OpenTelemetry’s data transmission system includes the concept of propagators. Propagators serialize context, so it can traverse the network along with the request.

By default, OpenTelemetry uses a specification established by the World Wide Web Consortium (W3C). Looking at the header’s value, we can infer that it encodes the trace context as <specversion>-<trace_id>-<parent_id>-<traceflag>.

Manual instrumentation Metrics

We do not use meters directly to generate metrics. Instead, meters produce (and are associated with) a set of instruments. An instrument reports measurements, which represent a data point reflecting the state of a metric at a particular point in time.

You would use a meter to create an instrument, such as a counter, designed to track the number of occurrences of an event. Each time a request is made to the server, the counter instrument records a measurement, which is a single data point indicating that a request has occurred.
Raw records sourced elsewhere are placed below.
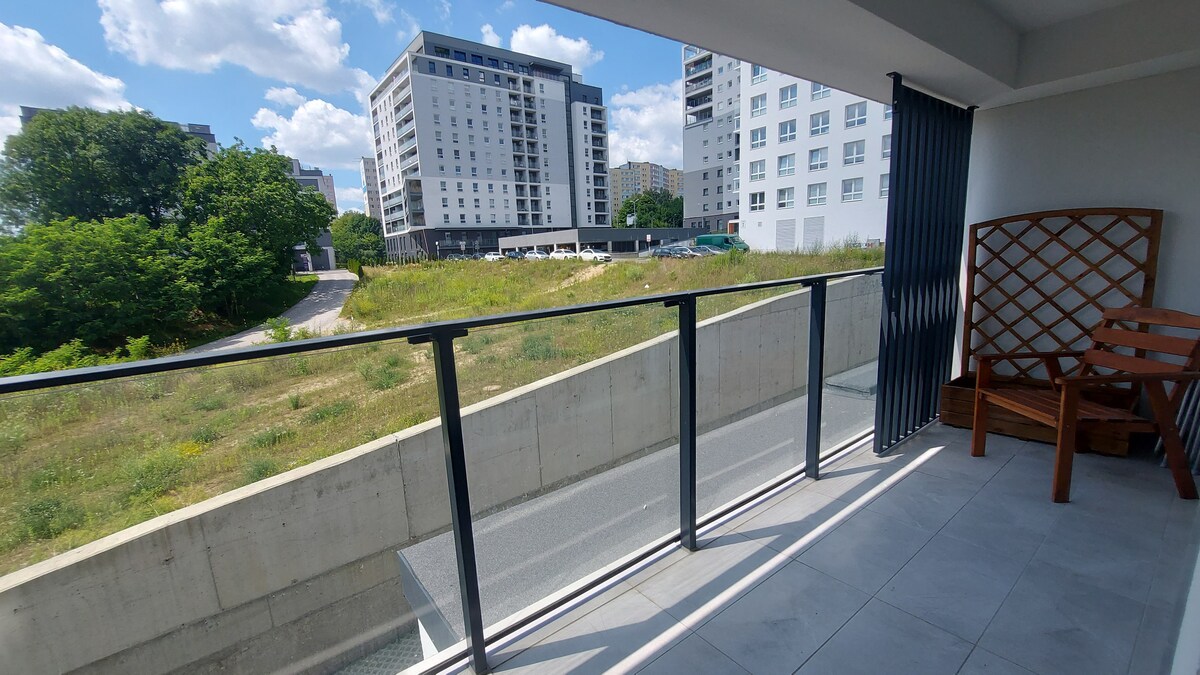 A spacious balcony features a sturdy wooden bench and a railing overlooking a natural area with greenery. The adjacent buildings are visible in the background, enhancing the view. Bright sunlight illuminates the tiled floor, contributing to an open atmosphere.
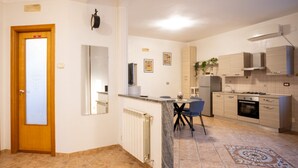 A modern kitchen with a marble countertop, a dining area with a table and chairs, and a built-in oven. - La Casa di Daeny in Naples (Naples)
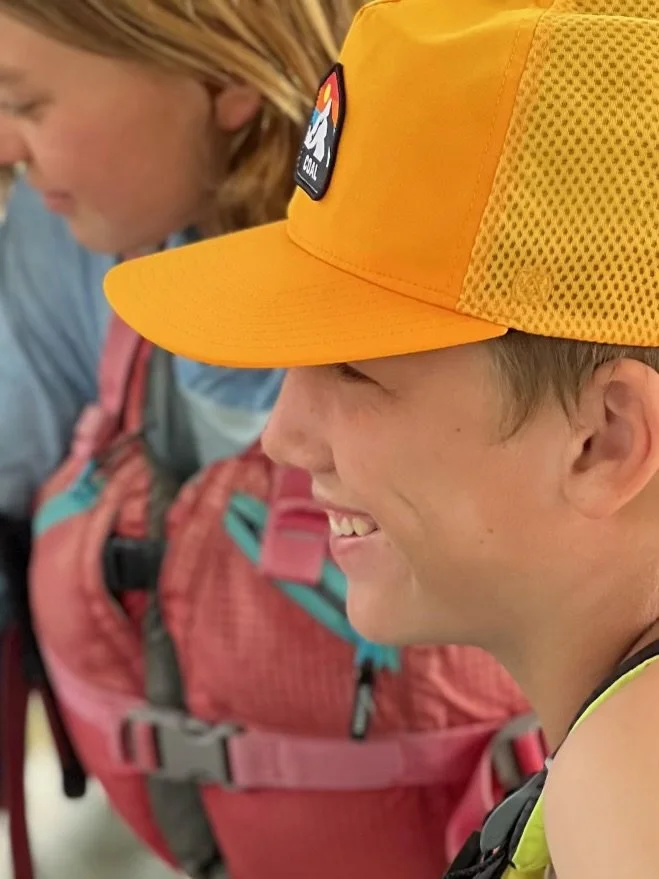 Close-up of a smiling young boy wearing an orange cap with a patch, standing next to a person with a pink backpack.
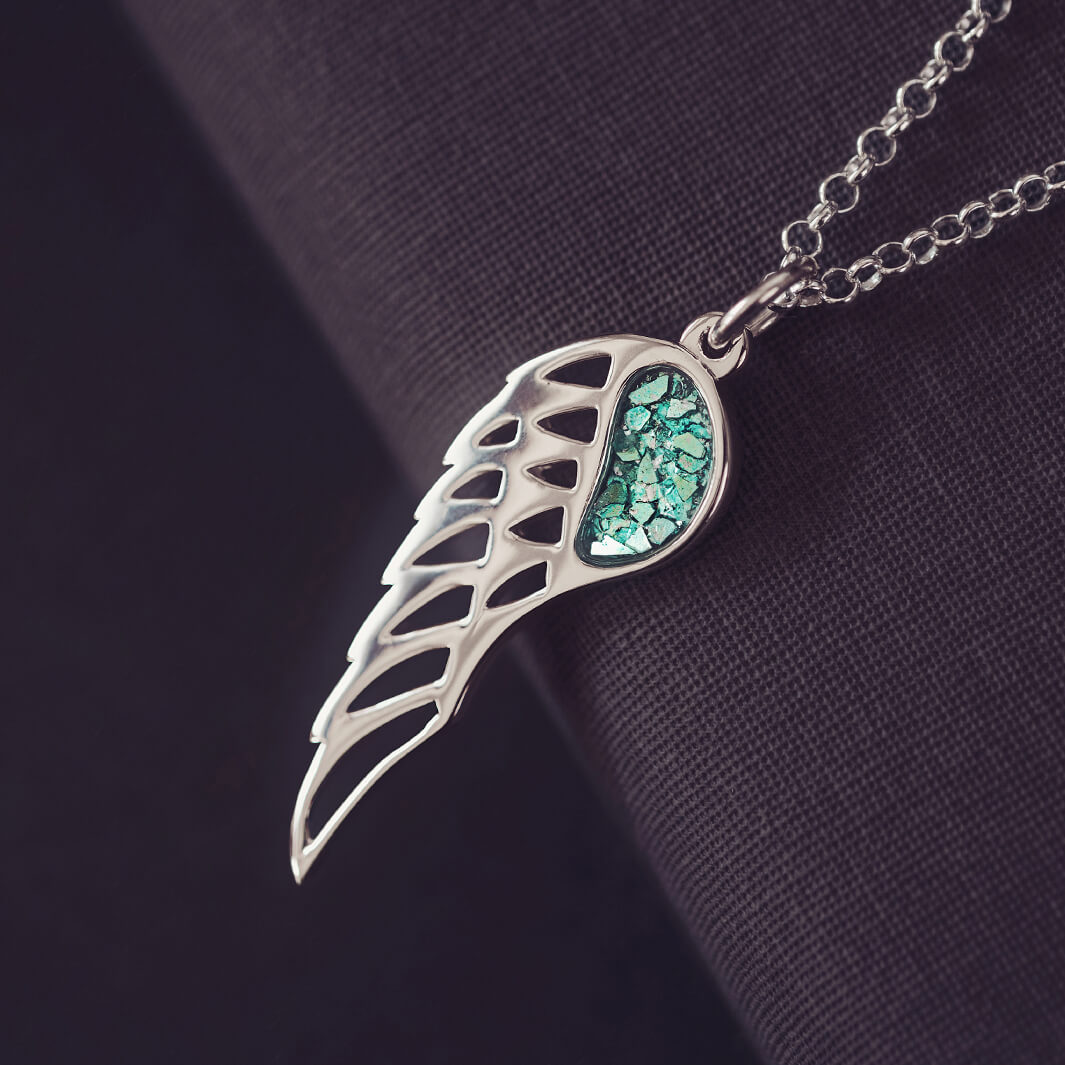 Silver Angel Wing Necklace with green floating crystals which hold cremation ashes. Shown on a dark background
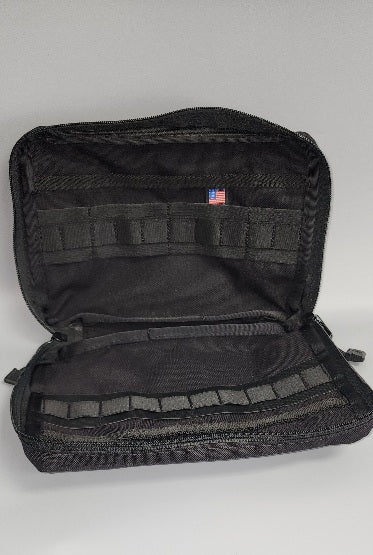 Open view of Squatch Survival Gear black admin pouch displaying multiple internal pockets and compartments for organizing tools, documents, and small gear, ideal for tactical missions and survival scenarios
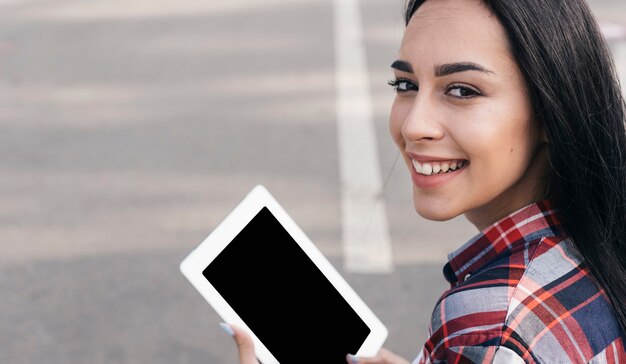 Primo piano della donna sorridente che esamina macchina fotografica mentre per mezzo della compressa digitale sulla via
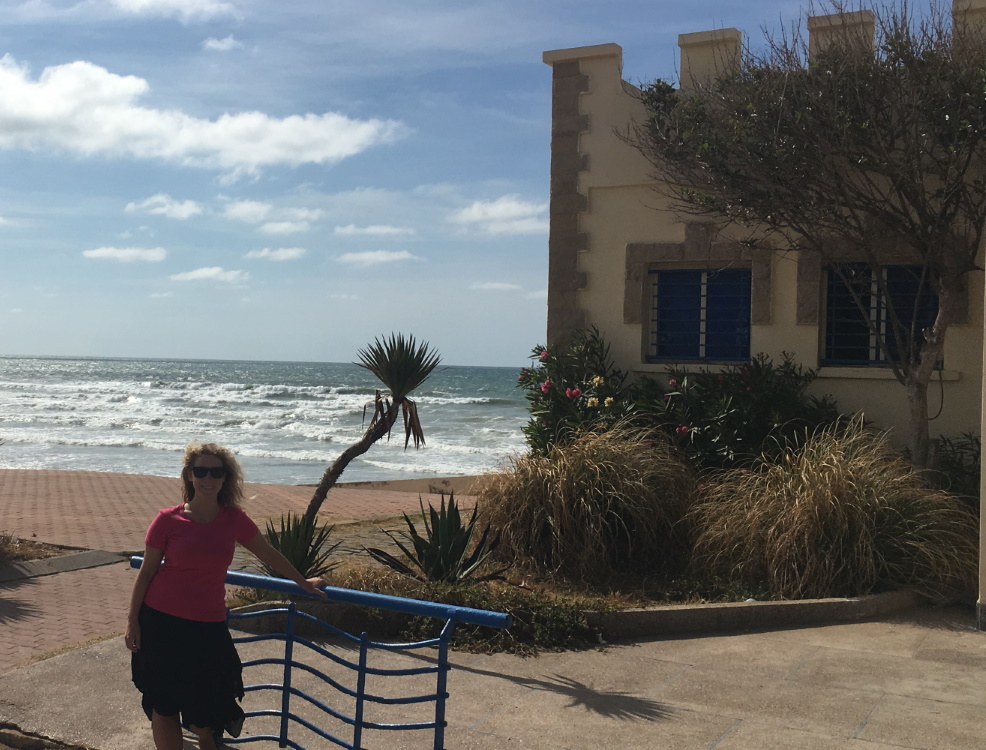 Lizzi lehnt an ein Geländer, im Hintergrund sind Strand, Meer und ein Marokkanisches Gebäude. Alles in hellem Sonnenschein.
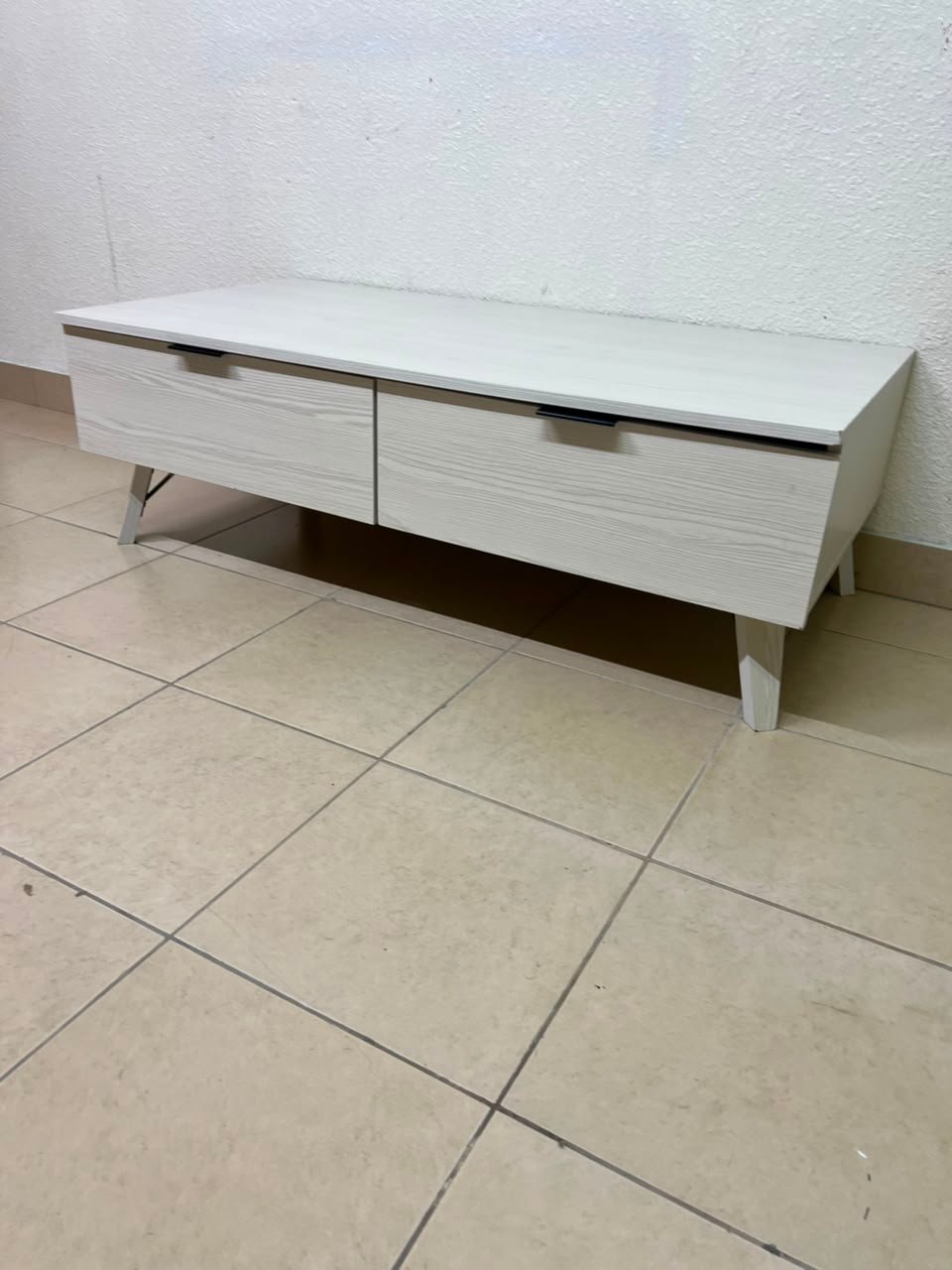 The white Wayne coffee table from Home Centre features two spacious drawers with black handles.
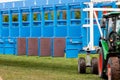 Blue horse racing starting gate on start by tractor machine at equiestrian racehorse hippodrome. Outdoor sport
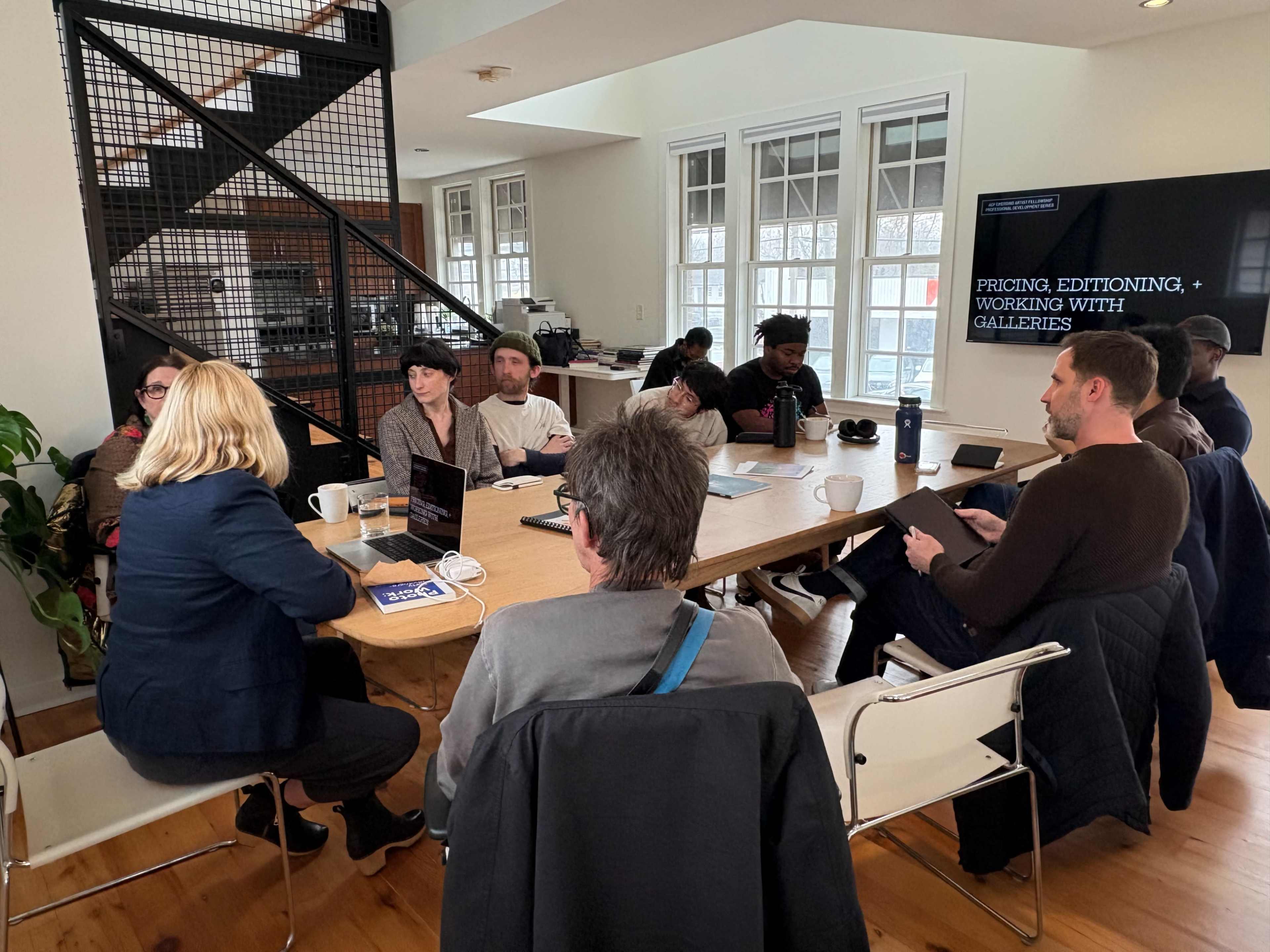 A group of people is seated around a table in a modern meeting space, engaged in a discussion about pricing, editioning, and working with galleries.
Over time, these measurements are aggregated into data points, which provide a summary of the metric’s behavior, such as the total number of requests received.

OpenTelemetry provides different types of instruments to measure various aspects of your application:

  • Counters: monotonically increasing values, such as the total number of requests handled by a server
  • UpAndDownCounter: track values that can both increase and decrease, like the number of active connections to a database
  • Gauge: reflect the state of a value at a given time, such as the current memory usage of a process
  • Histogram: used to analyze the distribution of how frequently a value occurs, which can help identify trends or anomalies in the data
Metrics Pipeline

To record the number of requests to a server and send it to the OTel Collector, you would:

  • Create a counter instrument using a meter provider.
  • Increment the counter for each request.
  • Configure a metric exporter to send the data to the OTel Collector.

The metric exporter is responsible for sending collected metric data to an observability backend, such as Prometheus or an OpenTelemetry Collector.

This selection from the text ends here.